**** Data shown ****

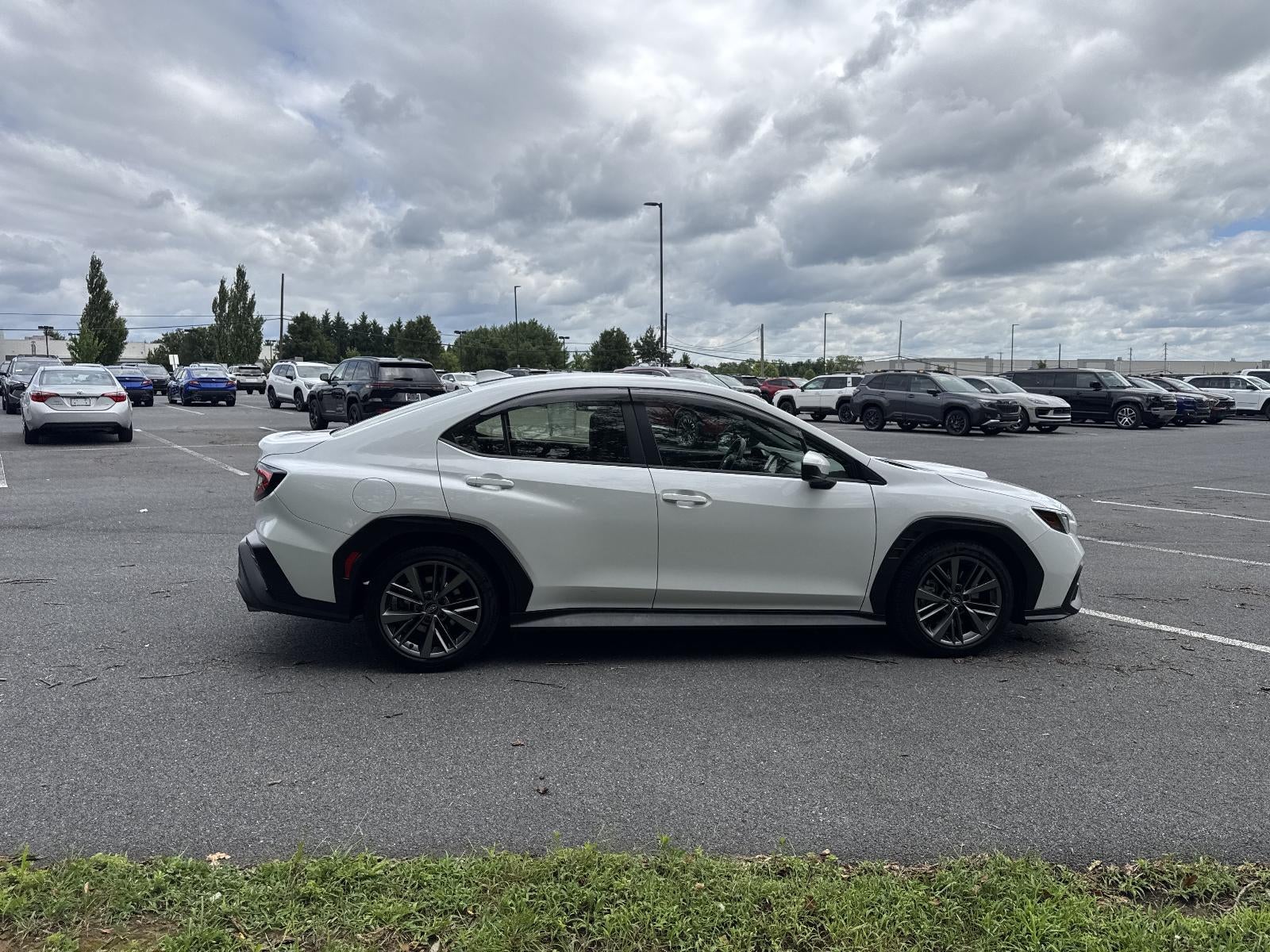 2024 Subaru WRX Manual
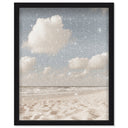 Ivory Ripples I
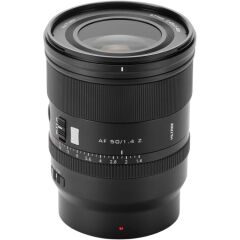 Viltrox AF 50mm f/1.4 Pro Z Lens (Nikon Z)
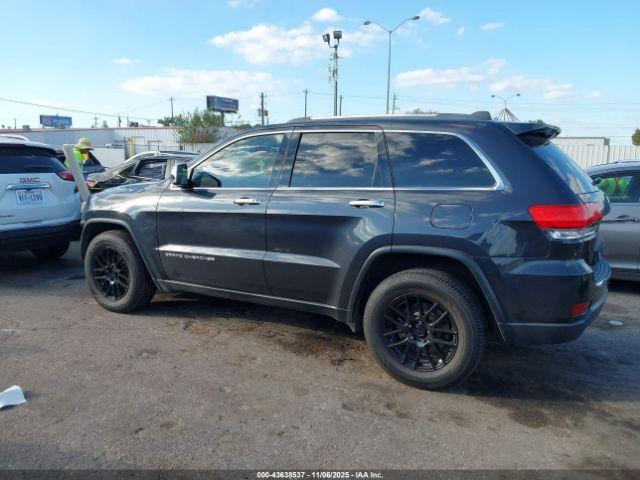 Jeep Grand Cherokee Limited Image 4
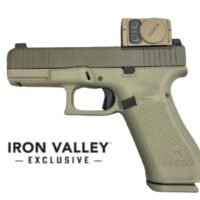 45 MOS 9mm 4.02" IVS EXCL W/ACRO Debo 17rd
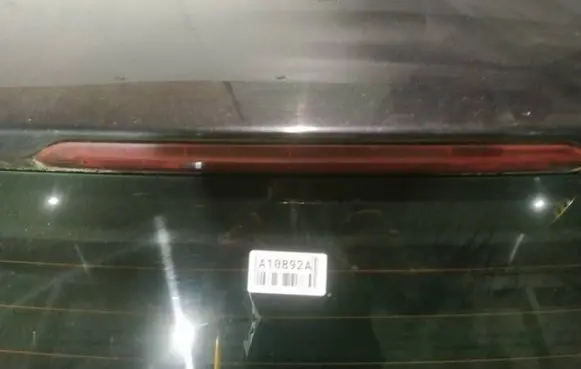 Ford Mondeo MK IV Third/center stoplight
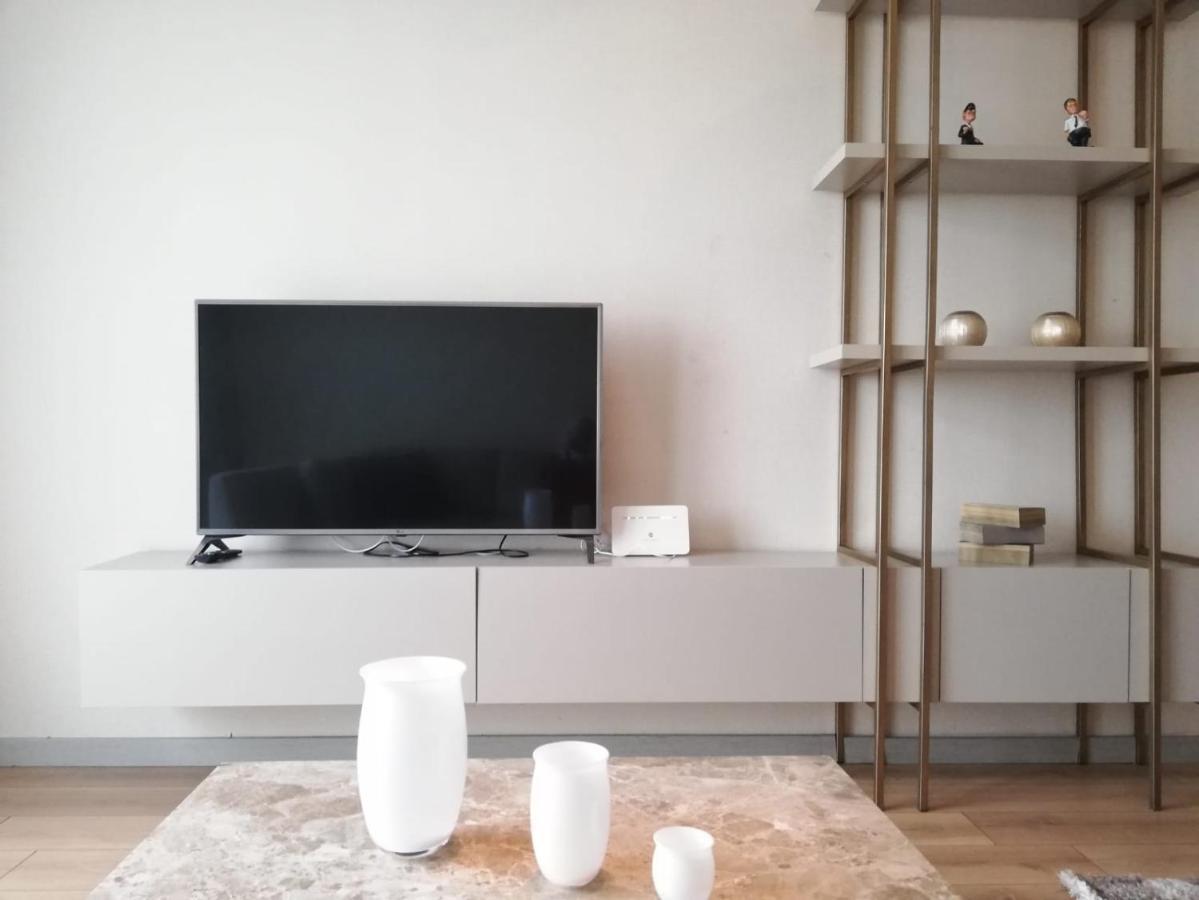 Mall Of Istanbul Rezidans Apartment Mahmutbey エクステリア 写真
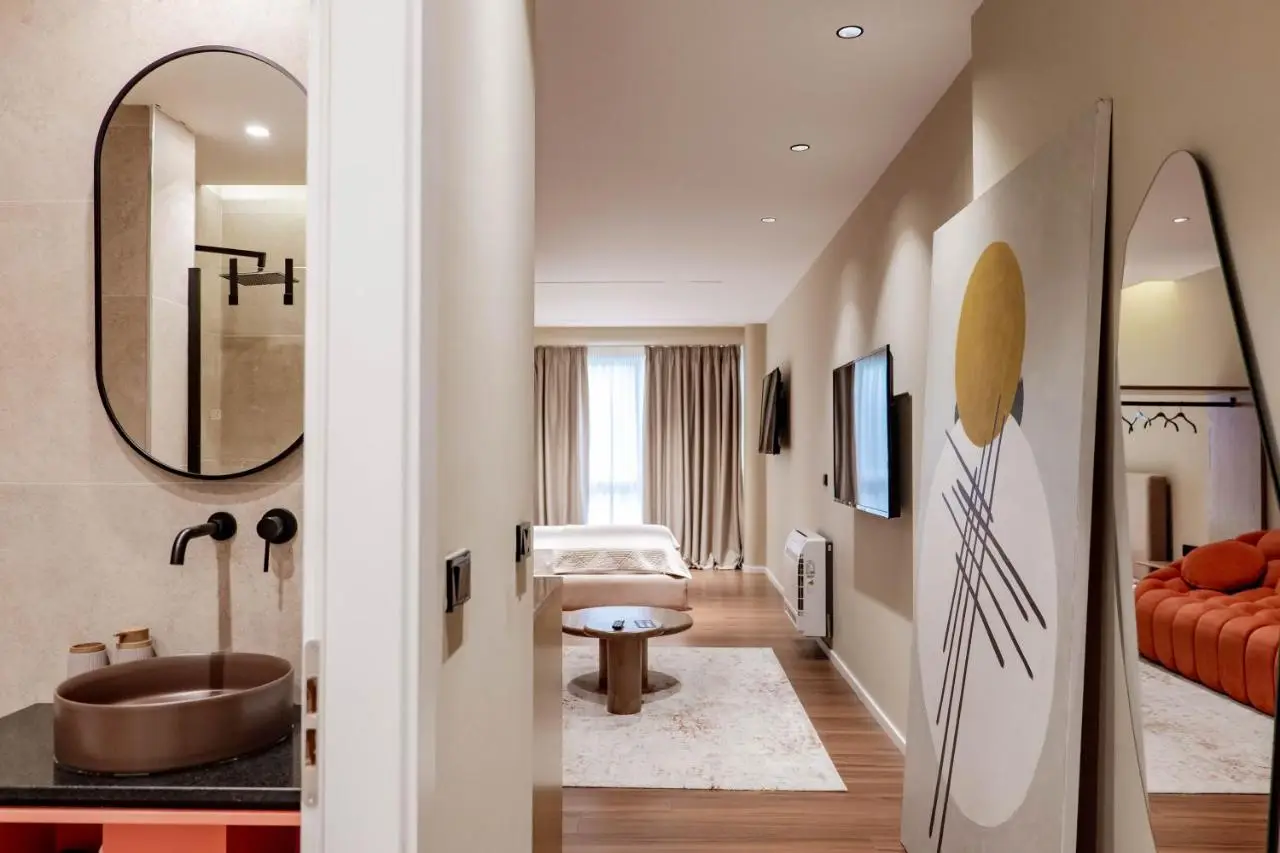 Agate Hotel Tirana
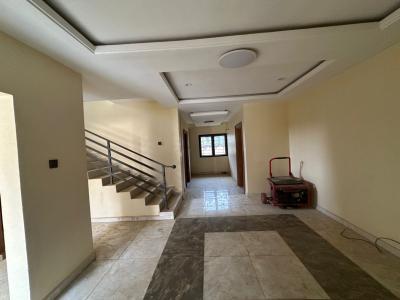 Newly Built 4 Bedroom Terrace Duplex + Bq, Mabushi, Abuja, Terraced Duplex for Rent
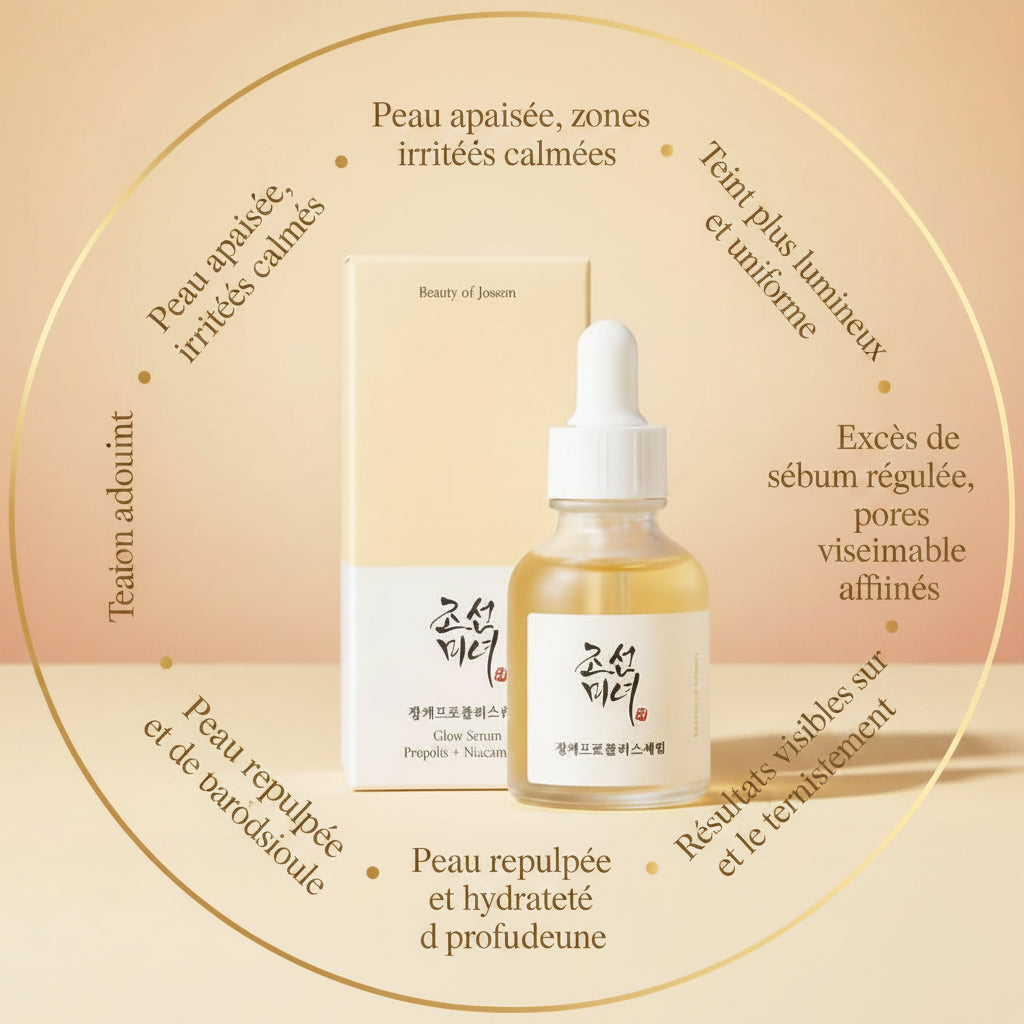 Beauty of Joseon - Glow Serum Propolis + Niacinamide
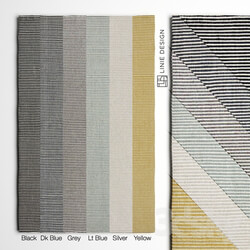 Ajo Rugs By Linie Design 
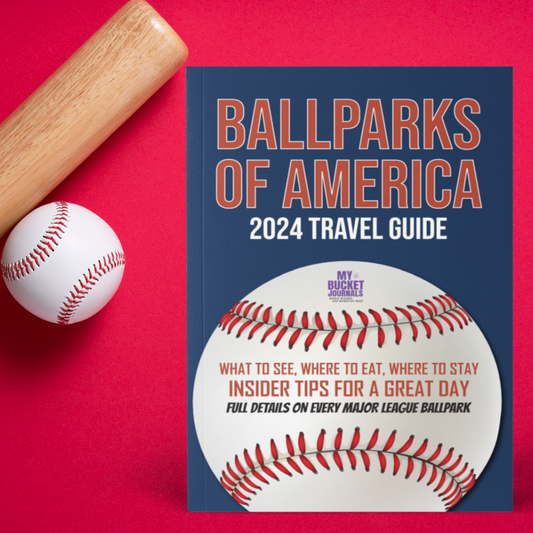 Ballparks of America Travel Guide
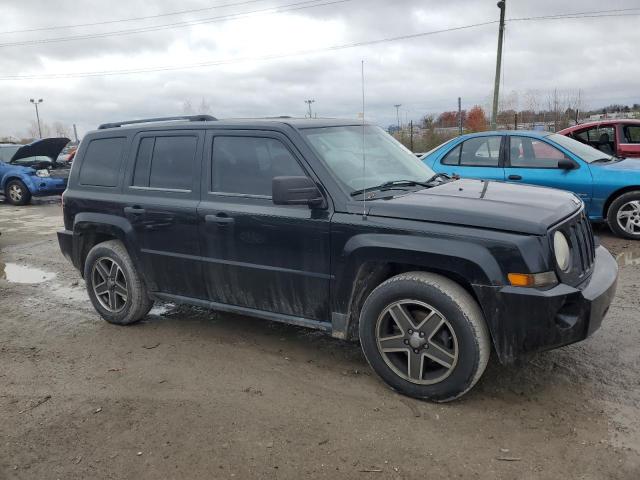Photo 4 from auction – 2008 JEEP PATRIOT SP with VIN 1J8FT28W08D799006
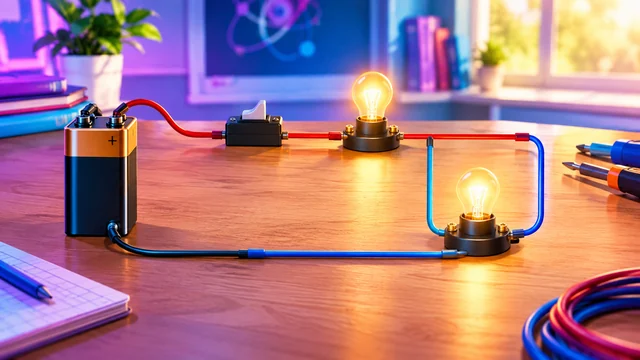 Les circuits électriques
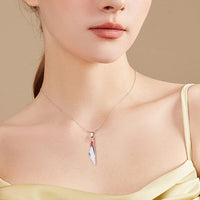 YILUOCD Stainless Steel Map of Syria Pendant Necklace Palestine and Syrian Drip Oil Map Necklace for Women Geography Jewelry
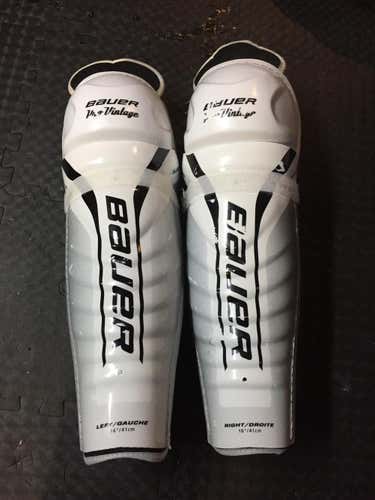 Bauer Shin Pads Senior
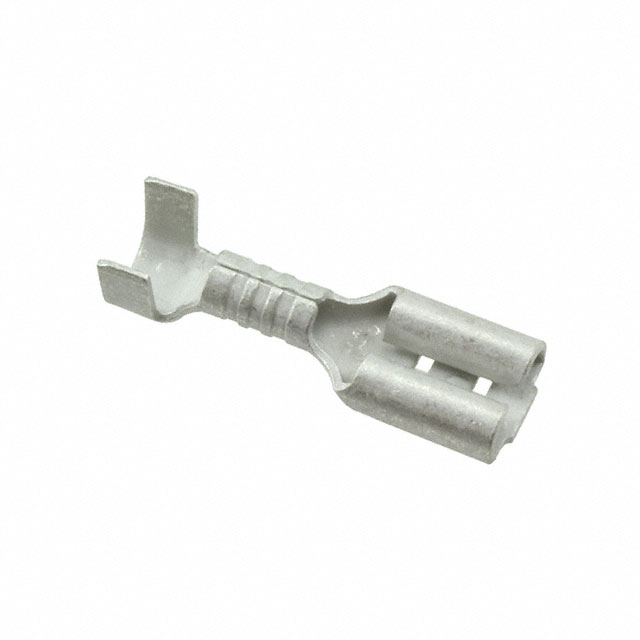 CONN QC RCPT 18-22AWG 0.187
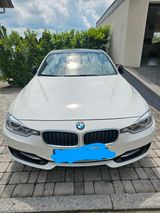 BMW 335i xdrive F30  - BMW: F30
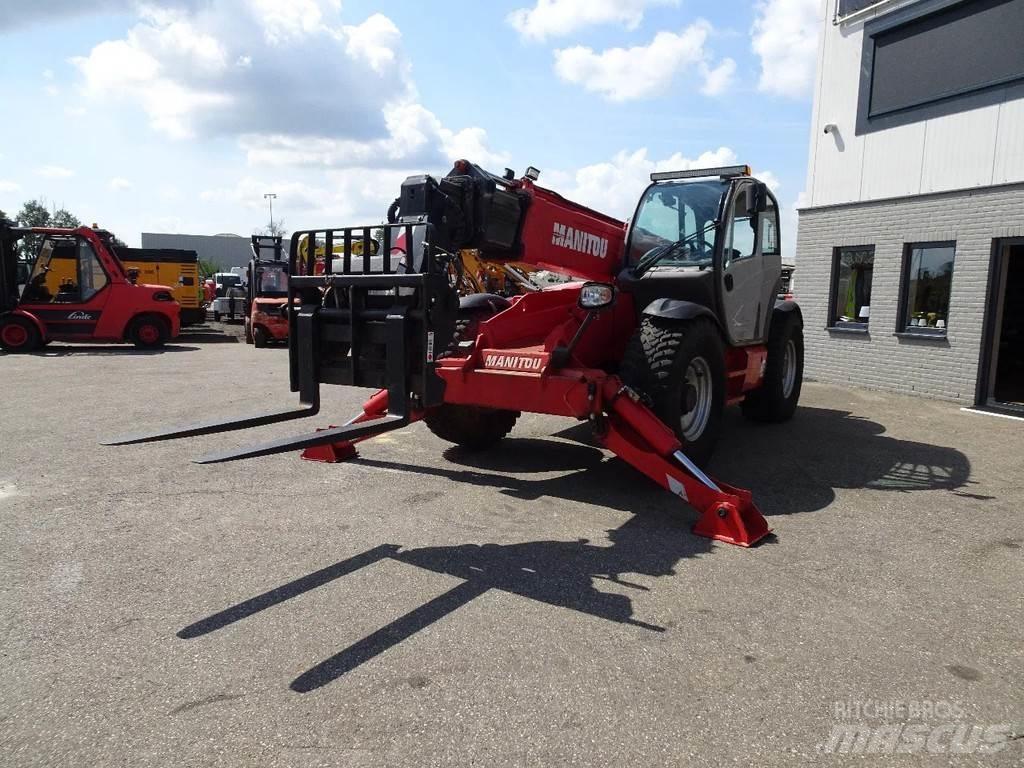 Manitou MT1840 Телескопични товарачи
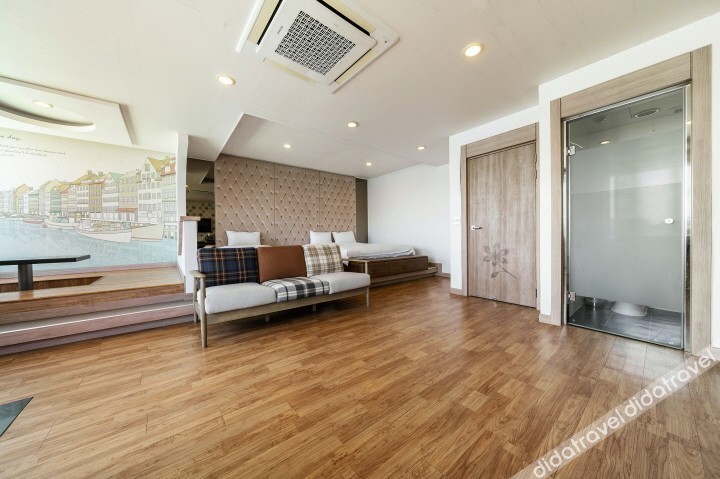 Sokcho Gaetbae Ocean Spa & Whirlpool Spa 3*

****

Take the line that contains "Manitou MT1840 Телескопични товарачи" and every line after it up to the end of the records above, and restate them exactly, without the pictures.

 Manitou MT1840 Телескопични товарачи
 Sokcho Gaetbae Ocean Spa & Whirlpool Spa 3*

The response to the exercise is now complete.